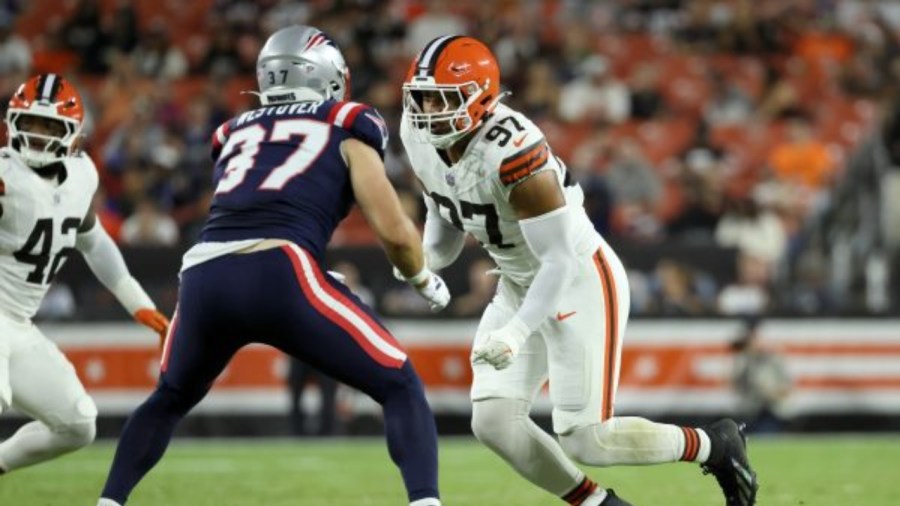 browns-sign-multiple-players-to-the-practice-squad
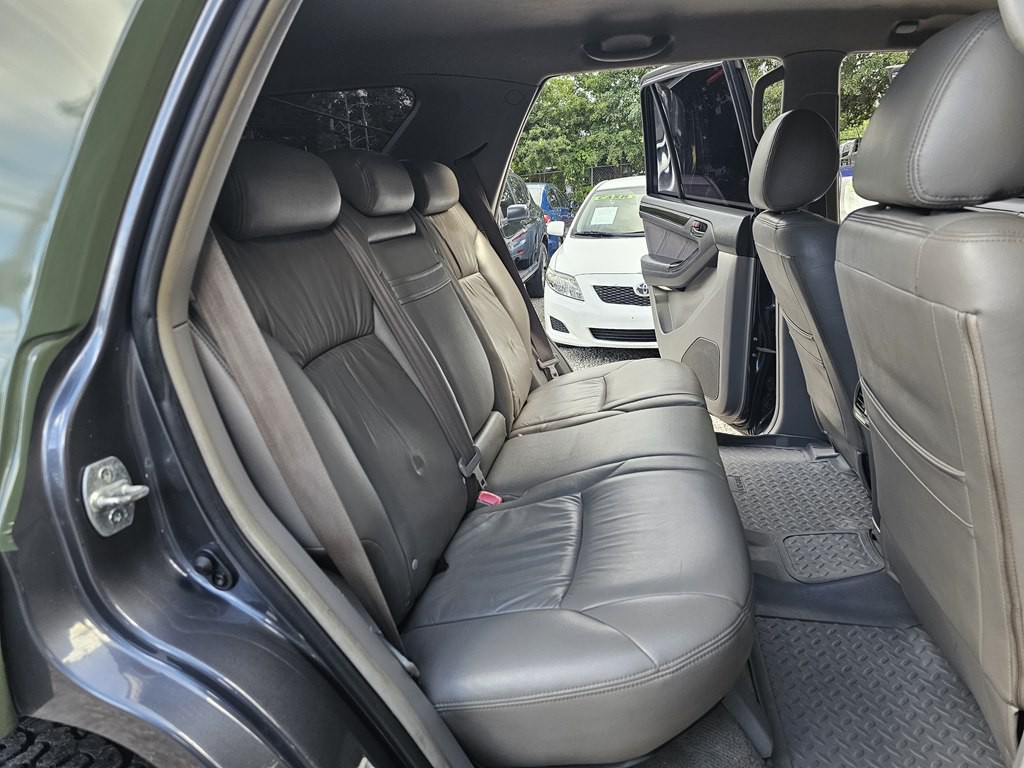 2005 Toyota 4Runner Image 15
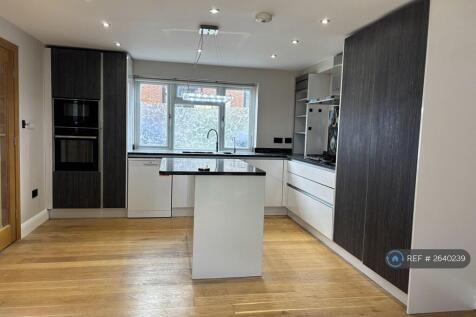 Dining Room. Under Floor Heating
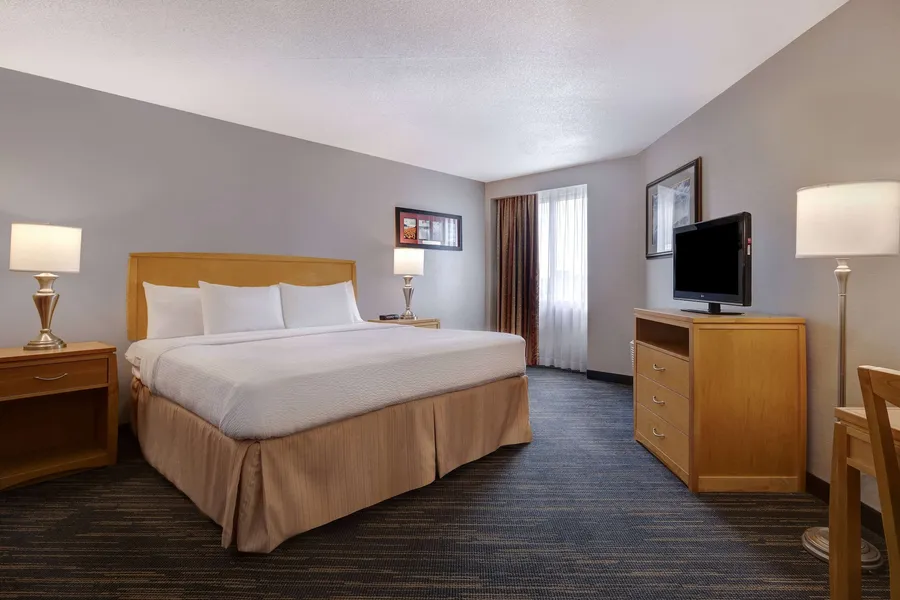 Days Inn by Wyndham Niagara Falls Near The Falls hotel detail image 6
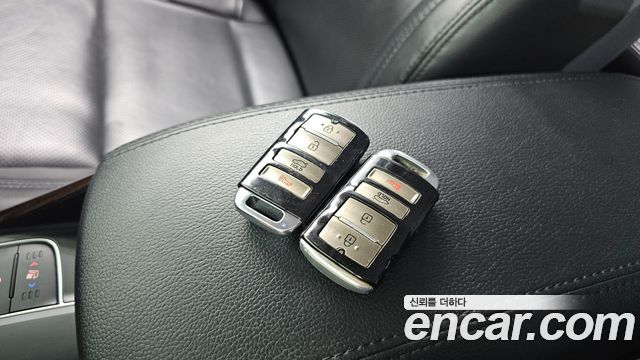 Kia K7 2015 — photo 23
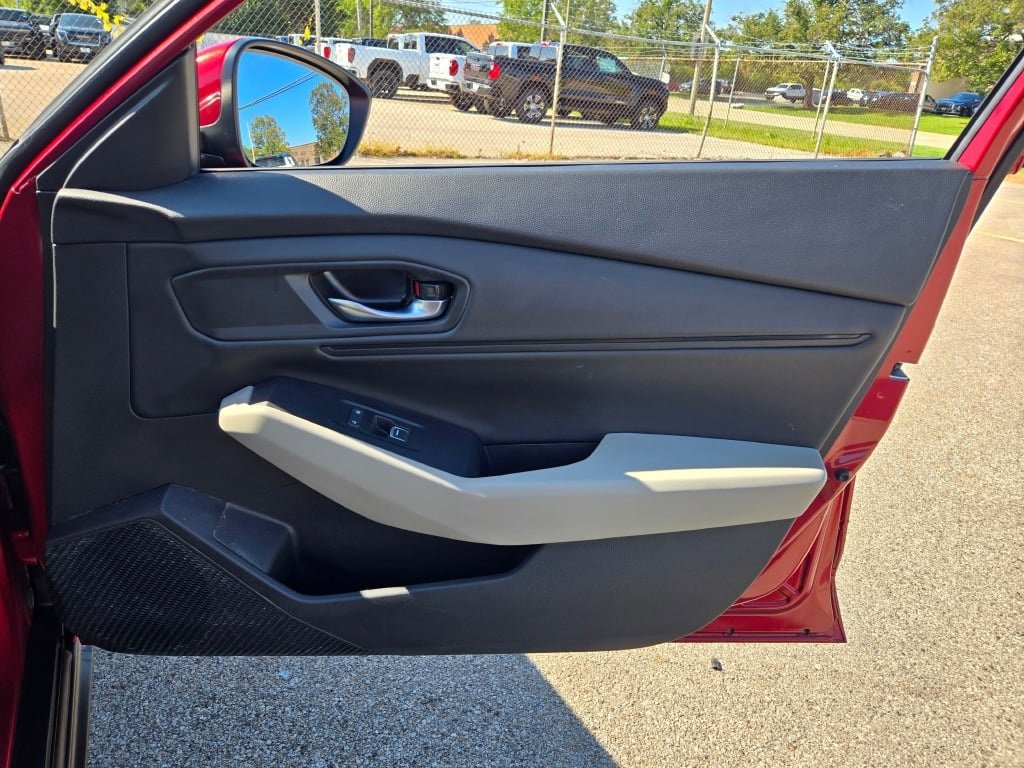 2023 Honda Accord EX photo 4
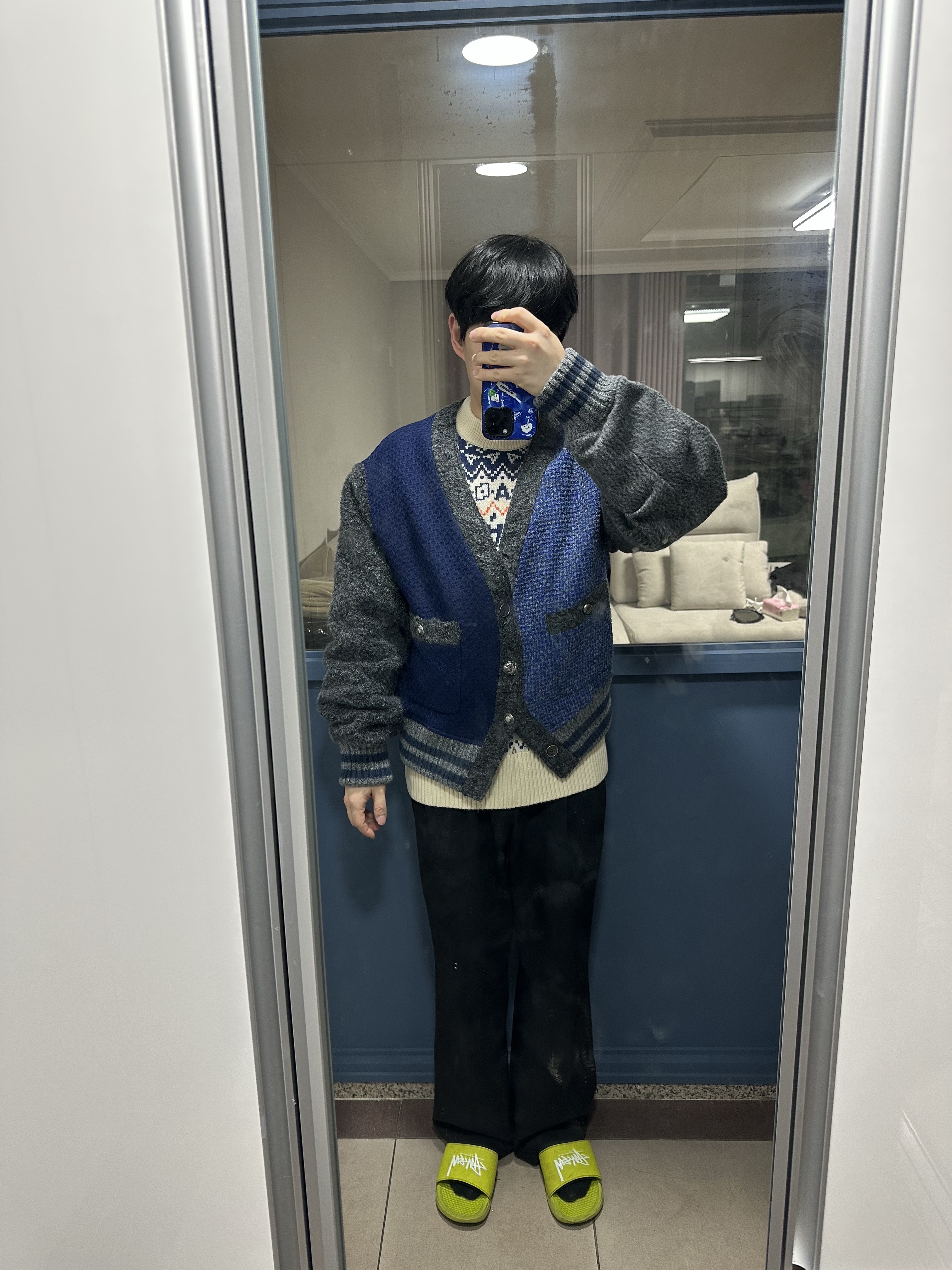 Ader Error Lasika Cardigan Blue 착용 스타일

* * *

- What is required
Transcribe all lines above exactly, skipping pictures.

- Solution to the problem
 browns-sign-multiple-players-to-the-practice-squad
 2005 Toyota 4Runner Image 15
 Dining Room. Under Floor Heating
 Days Inn by Wyndham Niagara Falls Near The Falls hotel detail image 6
 Kia K7 2015 — photo 23
 2023 Honda Accord EX photo 4
 Ader Error Lasika Cardigan Blue 착용 스타일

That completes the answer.